There are many questions surrounding the great enigma of the year 1536: Why and how did Henry VIII become such a tyrant? Why did he have to order Anne Boleyn’s execution? If she wasn’t guilty of treason and adultery, how was she condemned? How long did it take for the queen to be brought down? What political factors influenced the fall of Anne Boleyn – why did she fall? What was England’s reaction and how did it change upon her disgrace and death? Lastly, perhaps most importantly as these articles are in tribute to her life, what was Anne Boleyn’s personal life like in this dramatic, treacherous and deadly year? Shockingly, it started out blissfully, beautifully, with victory.
After a golden summer on progress in which the queen had enjoyed both tremendous favor and tremendous influence with the king, she returned to London pregnant, and within months, in January 1536, she and Henry were to receive the best of news – her predecessor, Catherine of Aragon, the shadow-queen who seemed to linger eternally over them, was finally dead. Of course, it was around this time, when they returned to London, that a pale and quiet and very simple lady-in-waiting, Jane Seymour, caught the king’s eye. Naturally, Anne had been irritated, but she was pregnant and this was the way of things; Jane would be the usual and very temporary royal diversion. She could never know at the time the role that Jane (or at least her supporters) would play in her oncoming destruction, and so she was contented enough, all the more so with her long-time adversary’s death and a male heir in her womb.
But this great happiness was not to last, and her victory – Catherine of Aragon’s death – was to transform into a key factor in her undoing. On January 24th, Henry VIII fell unconscious after being unhorsed; around five days later Anne would miscarry, and in a fatal confrontation in which the king dolefully declared God would give them no sons, she would credit his accident as the reason for the miscarriage. That, and the melancholy she experienced upon seeing him locked in an embrace with the “pure and virginal” Jane Seymour.

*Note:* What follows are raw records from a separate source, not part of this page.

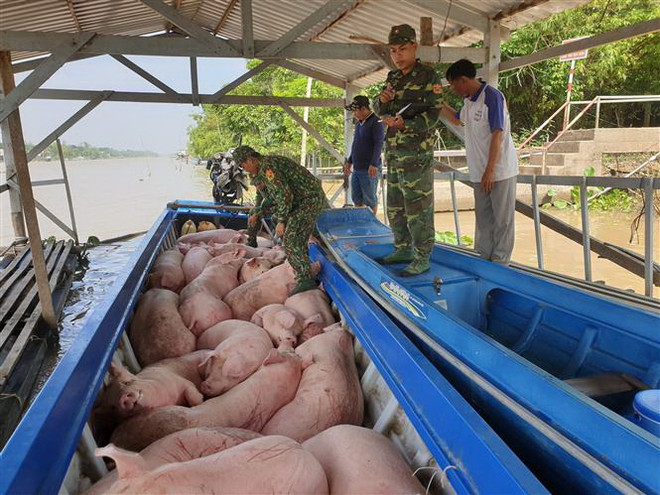 Bắt vụ vận chuyển trái phép gần 2 tấn lợn hơi từ Campuchia về Việt Nam ảnh 1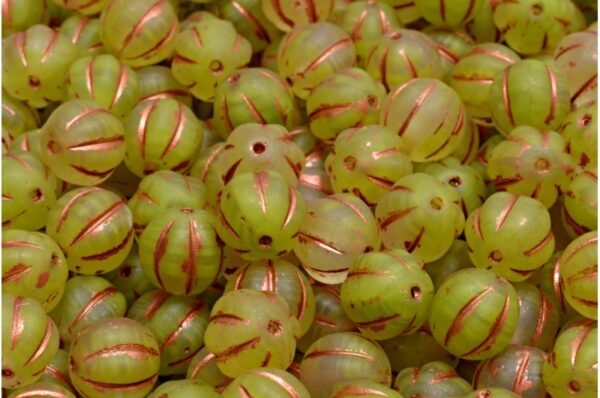 Melon Beads 8x8mm - Image 1
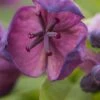 Deep Purple Akebia -Orchard Sprout shutterstock 784814788 1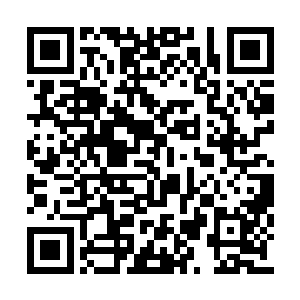 自然神系还会派出一些穿着强大神器的超级战士二维码生成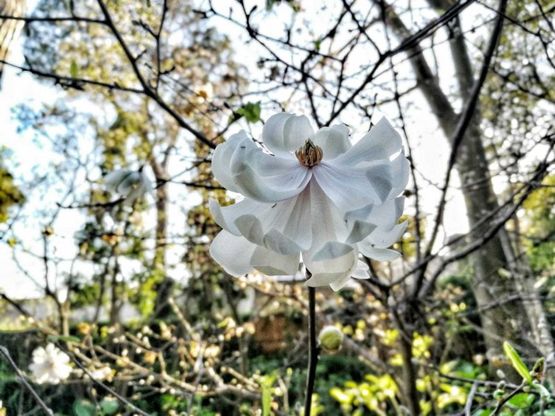 Ischia, tutti i colori della primavera: riaprono i Giardini La Mortella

Historian Retha M. Warnicke credits this miscarriage of a male fetus as the whole reason for the queen’s fall, claiming that it was deformed and this made for strong evidence that she had led a sinful life. However, there is little unprejudiced evidence of any fetal problems, nor is there that a relationship between Henry and Seymour became serious until spring – thus, a quotation from Eric Ives’ The Life and Death of Anne Boleyn should clear up the common misconception that this miscarriage led to the tragedy of May 19: “The miscarriage of 29 January was neither Anne’s last chance nor the point at which Jane Seymour replaced Anne in Henry’s priorities. It did, nevertheless, make her vulnerable again.” She remained vulnerable, as she would always be without a son, but this was her third pregnancy and fertility was not the problem; Henry’s statement that God would not give them sons only proved that he did not hold her to blame for their misfortunes, but credited divine will. At the rate she took with child, there was no reason why she should get pregnant, again, soon, and then have a son within a year. Anne Boleyn’s actual undoing would be quite a bit more political.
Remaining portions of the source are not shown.